[Data excerpts]
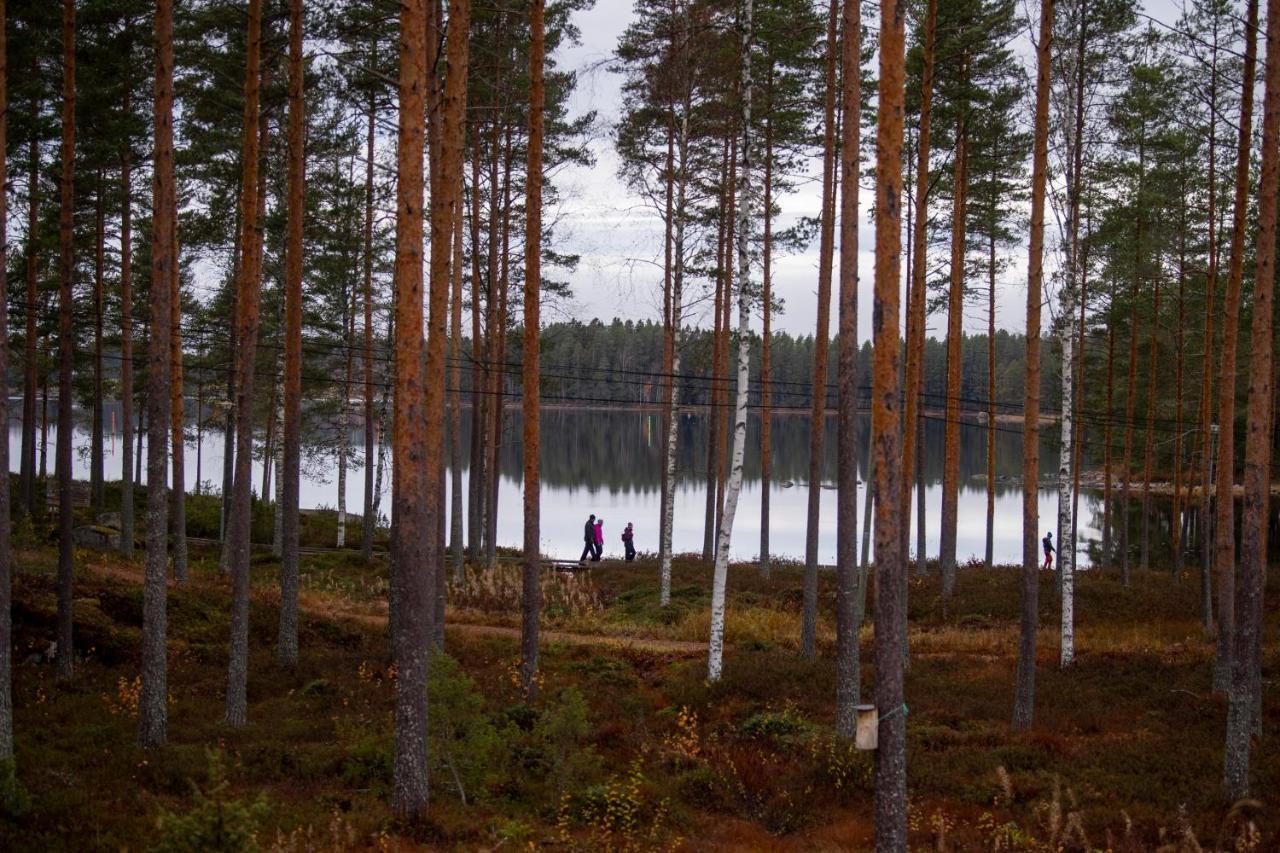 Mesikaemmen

--

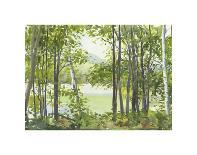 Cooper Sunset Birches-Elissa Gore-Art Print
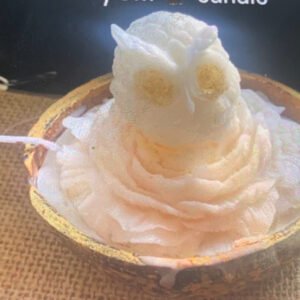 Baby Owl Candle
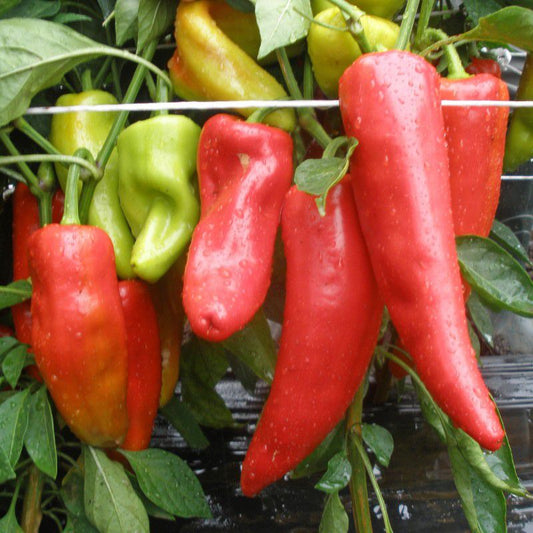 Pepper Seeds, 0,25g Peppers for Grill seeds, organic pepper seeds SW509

---

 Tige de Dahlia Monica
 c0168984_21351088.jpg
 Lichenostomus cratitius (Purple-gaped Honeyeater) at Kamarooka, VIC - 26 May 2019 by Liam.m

[What needs to be done]
What is wanted is an exact copy of the lines above from the one containing "Baby Owl Candle" through the one containing "Pepper Seeds, 0,25g", with no pictures in it.

[Solution for this exercise]
 Baby Owl Candle
 Pepper Seeds, 0,25g Peppers for Grill seeds, organic pepper seeds SW509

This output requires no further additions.